- Action item: Quote all of the data that follows exactly as written, skipping the images.

- Data extract:
- Opening Delimiter -

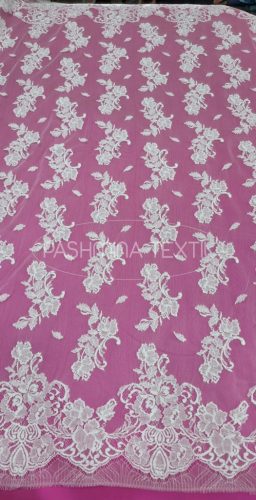 Hímzett francia tüllcsipke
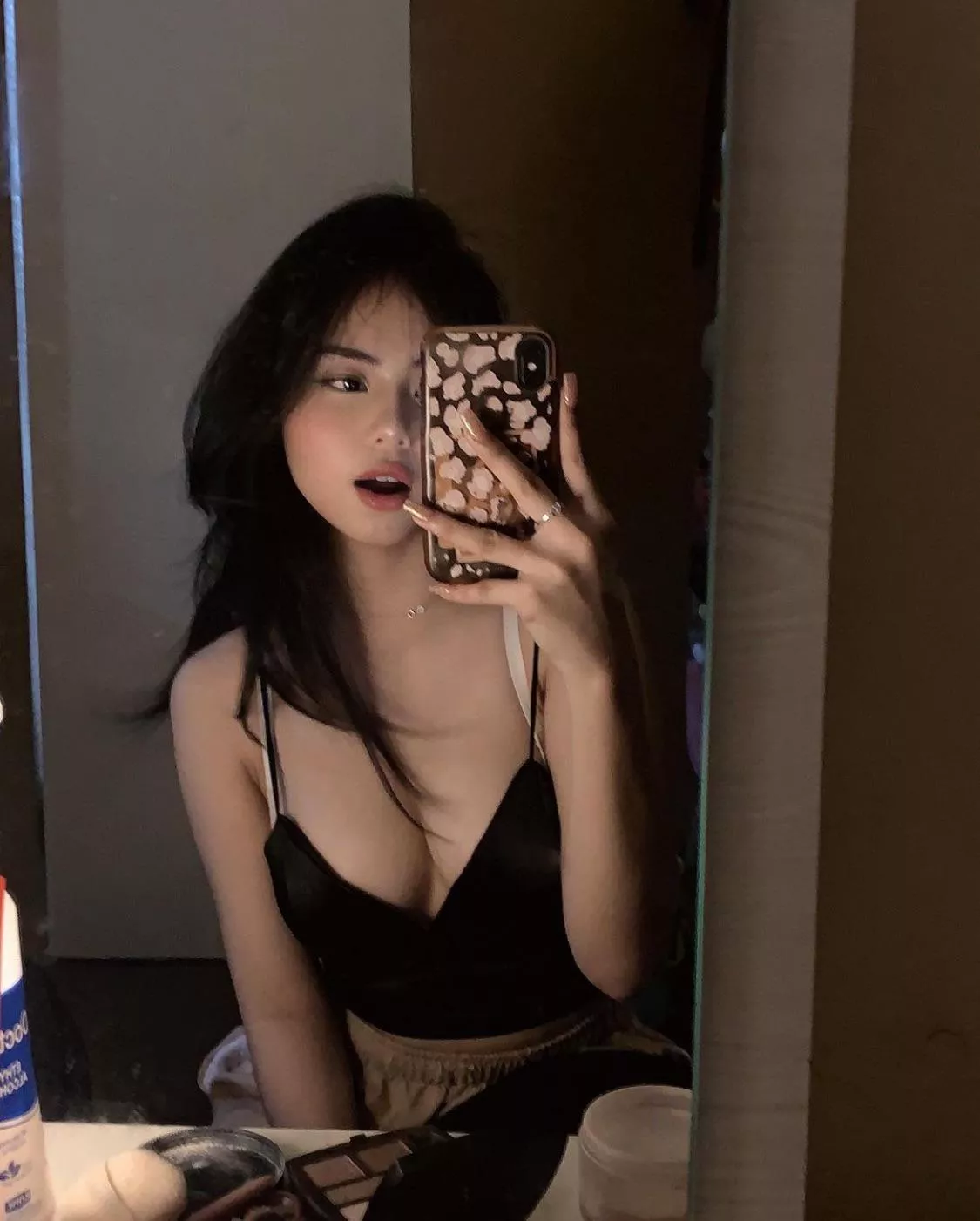 “Come Over” Selfie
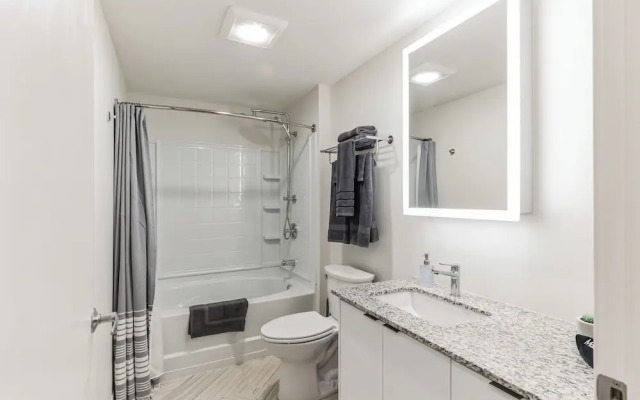 Sleek DT Cleveland Apt at City Club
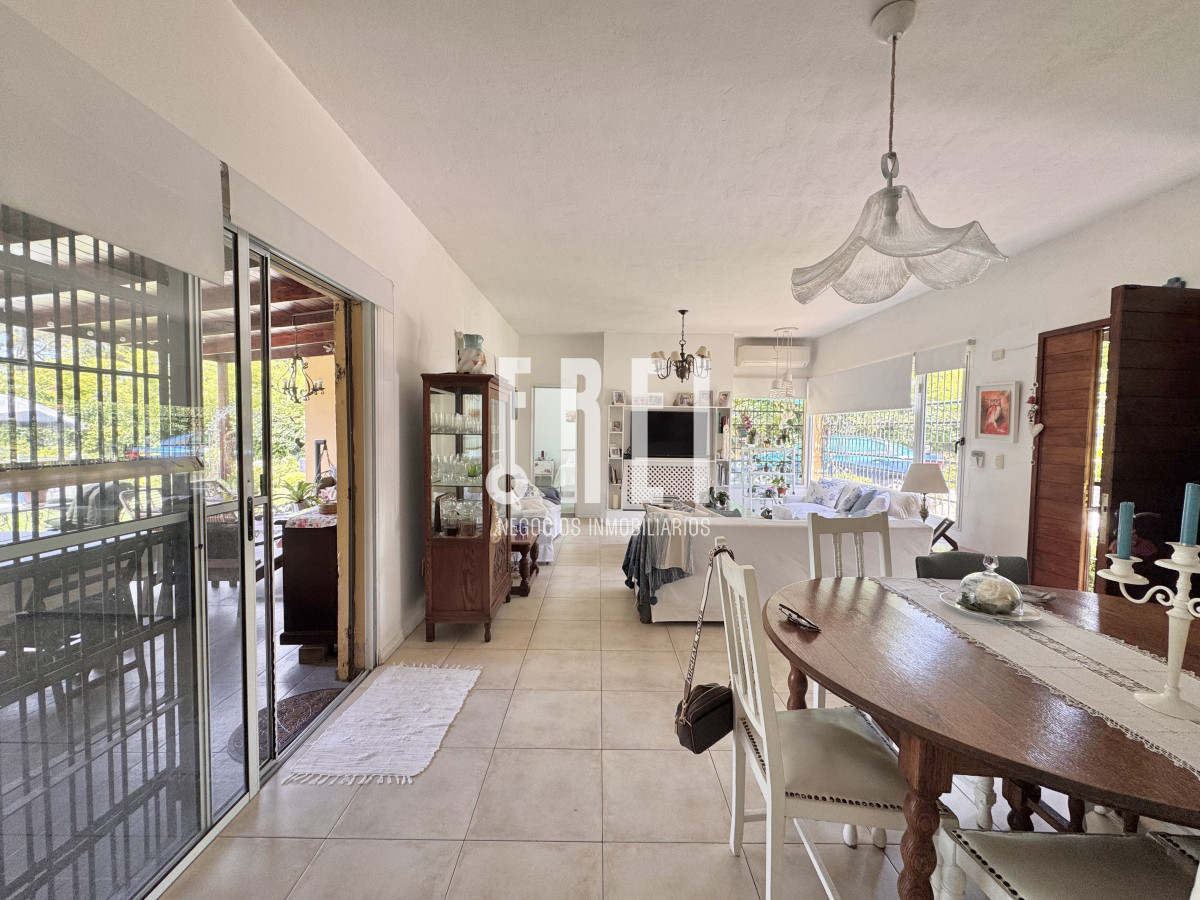 Casa ID.202 - Casa en venta Rincón del Indio Punta del Este 4 dormitorios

- Closing Delimiter -

- Problem solution:
 Hímzett francia tüllcsipke
 “Come Over” Selfie
 Sleek DT Cleveland Apt at City Club
 Casa ID.202 - Casa en venta Rincón del Indio Punta del Este 4 dormitorios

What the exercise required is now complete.